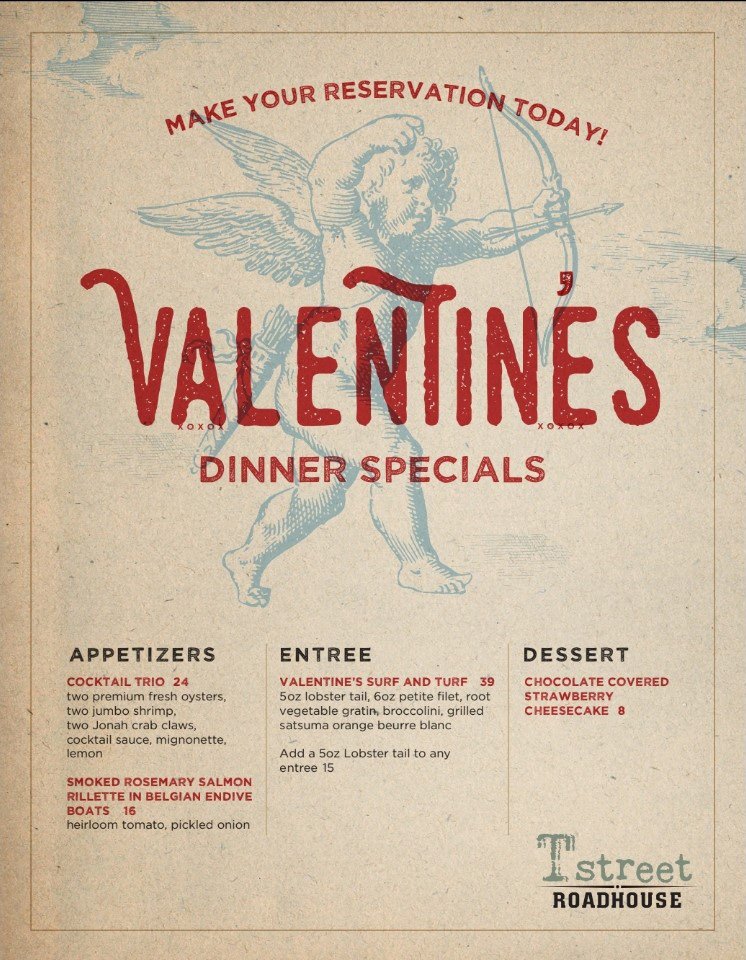 TStreetRoadhous's tweet photo. ❤️ Share the Love with your loved ones this #ValentinesDay @TStreetRoadhous  Here's a peak at our menu - and remember to make reservations today! https://t.co/C4y3aJtnJi ❤️ https://t.co/WWUzbLoXmQ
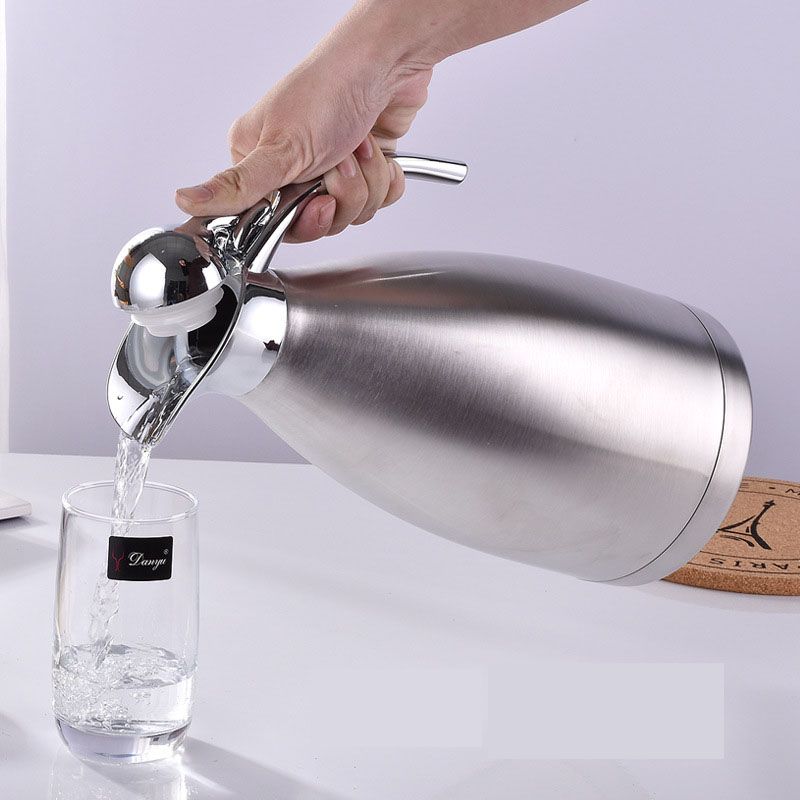 Nice One 1PC 2.0L Silver Stainless Steel Vacuum Jug Coffee Pot Vacuum Flask Thermos  (VFS-023-2.00L )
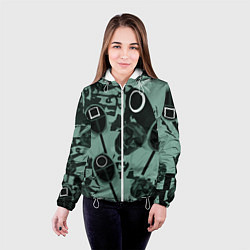 Куртка с капюшоном женская Игра в кальмара маска ведущего и стражников, цвет: 3D-белый — фото 2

Assignment: What is needed is a verbatim copy of the lines from the line with "Nice One 1PC" through the last line of the listing, pictures excluded.

Answer to this exercise:
 Nice One 1PC 2.0L Silver Stainless Steel Vacuum Jug Coffee Pot Vacuum Flask Thermos  (VFS-023-2.00L )
 Куртка с капюшоном женская Игра в кальмара маска ведущего и стражников, цвет: 3D-белый — фото 2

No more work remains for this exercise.